Senior first basemen Scott Price, who led the team with a .361 batting average in 2013, is back. So is junior third basemen Will Maddox, who led the team in games played (51), at bats (207), runs (42) and RBIs (27).
"Scott Price to me is probably the best hitter in the SEC, and I'll say that bar none," Serrano said. "He's the top returning hitter (by average) that's returned in the SEC.
"I don't think he's getting enough credit from the national media and that's probably because he is on a lower tier team in the past in the SEC, but I see him every single day and I know what umpires told me last year when we played in the SEC. All the guy does is square up a baseball every time."

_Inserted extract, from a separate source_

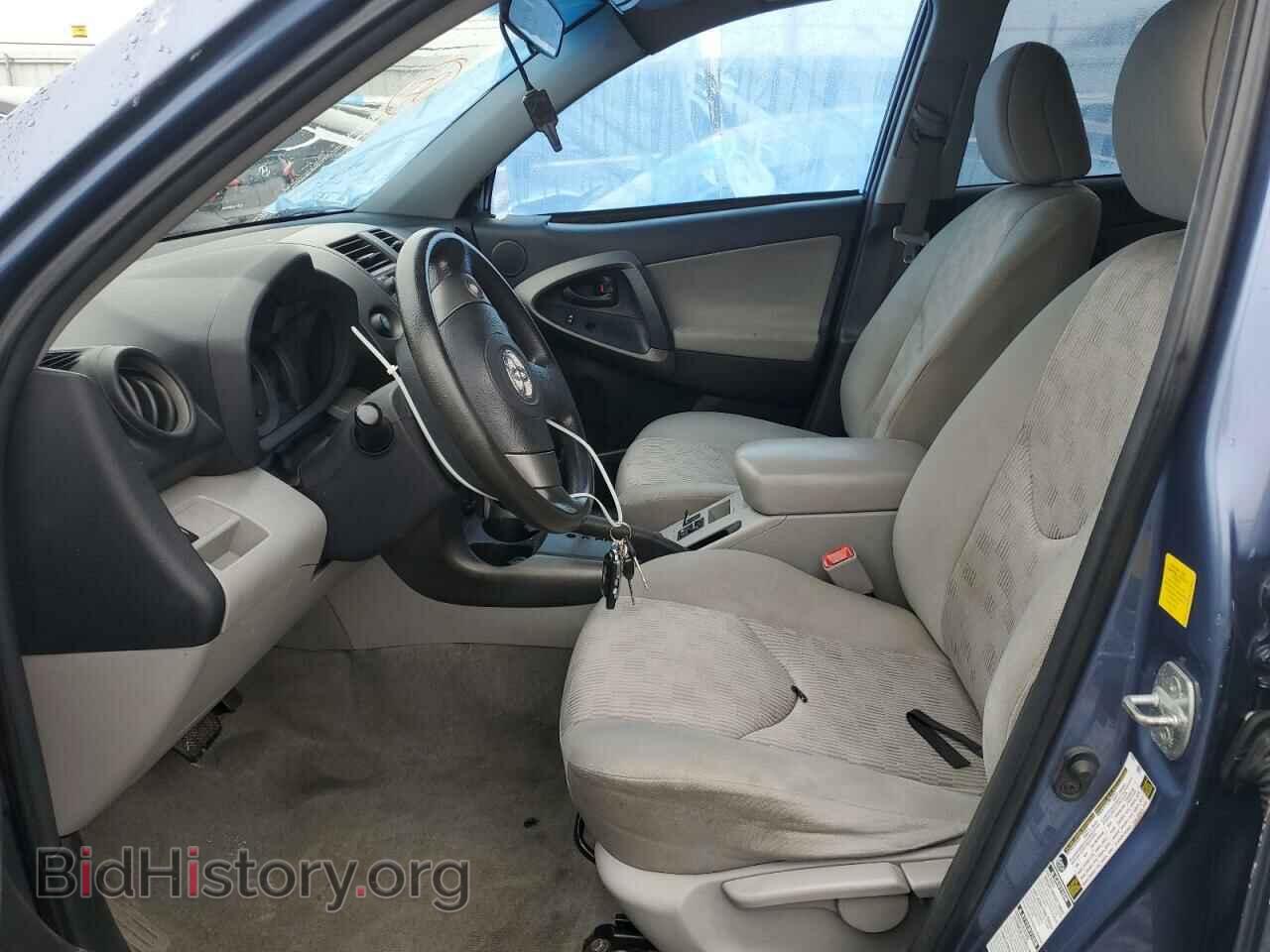 2011 TOYOTA RAV4 - VIN: 2T3BF4DV8BW101564 - Фото 7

"Will is probably the hardest-nose player in the SEC; all you got to do is come out and watch a game or practice," Serrano said of Maddox. "He's going to be the dirtiest guy on the field, he's going to be a guy that you recognize because he has given everything that he has on each and every pitch."
Outfielders Christian Stewart and Vincent Jackson, a duo combined for five of the Vols' 13 home runs last year, are also back, as is shortstop A.J. Simcox, who drove in 26 as a freshman in 2013.
"We will probably rely on the offense early," Serrano said. "I think our offense is going to be a very strong weapon throughout the year.
" ... We have a lot of left-handed hitters, a lot of guys who can run the bases and guys who can hit the ball over the fence. I'm just very proud at how these guys have developed."
That offensive development isn't where Serrano's confidence comes from, though.
"Definitely pitching," he said. "Pitching wins championships. Defense wins championships. … It's going to start on the mound. The one consistent thing we have done as a program and for sure this year in the fall and workouts has been defense. We have good athletes on the field.
"We have interchangeable parts. We have depth now. If a guy goes down we have a lot of depth. We are at least two deep in every position and some are three and four deep."
Serrano signed a pair of Farragut products in second basemen Nick Senzel - "He's going to be a beast in this program," Serrano said - and his son, right-handed pitcher Kyle Serrano.
"There is still some inexperience, but the upside is tremendous with him," Serrano said of his son, who was drafted by the Colorado Rockies last spring. "He can go anywhere from 91 to 95, has a good curveball and has really developed a great changeup."
Other returners include sophomore catcher David Houser and left-handed pitcher Drake Owenby, a Powell High School product. Nathaniel Maggio, a left-handed hitter who plays first, signed with the Vols despite being drafted in the 32nd round by the Seattle Mariners.
"There was a plan in mind," Serrano said of his third-year rebuilding project. "They got their ears pinned back a little bit as freshmen.
"But I can no longer look across the field from our dugout and see a bunch of boys playing a bunch of men in the SEC. Our boys have grown into men in a very short order."
Now, with the playing field seemingly leveled, the next stage of that growth is getting back to Hoover, Ala. and the SEC Tournament - and getting Tennessee baseball back on the map.
"I get the national media outlets that have their rankings and I completely understand why we are not ranked to some extent," Serrano said, "but I guess it's just our duty to prove them wrong."